Part 2 Lesson 9 wiki

He didn’t really mean 4+4+21=26?

3 Likes

Does creating pandas DataFrames introduce any overhead that might compromise performance?

1 Like

Maybe it works. We might have to do an experiment and see for ourselves.

Yes, because if one kind of input has it’s loss around 10 and the other is around 1, the former will dominate the loss, and the model won’t learn to do a good job for the latter.

2 Likes

The 3 objects that print out, all are indexed somewhere, where is that again?

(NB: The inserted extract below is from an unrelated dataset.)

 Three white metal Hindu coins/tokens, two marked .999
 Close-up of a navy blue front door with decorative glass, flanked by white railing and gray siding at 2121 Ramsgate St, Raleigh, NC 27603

Just want to say Lecture 8 CS231N W2016 and Lecture 11 CS231N S2017 make excellent companion lectures to this lesson. The first halves are more/less on R-CNN, but the latter halves cover YOLO/SSD.

20 Likes

use a conv layer that outputs that… not necessarily stride2

2 Likes

Does anybody have a good article to explain Jaccard Indexes?

3 Likes

Random question: And also, what does this difficulty of object detection in an image say about captchas, why is that more difficult, bc it’s computationally expensive for a bot to do this when it asks humans to identify what is and isn’t in an image (usually used for password protection/security questions)?

4 Likes

I want to know the answer to this too!

Why would spatial transformer liket his not work?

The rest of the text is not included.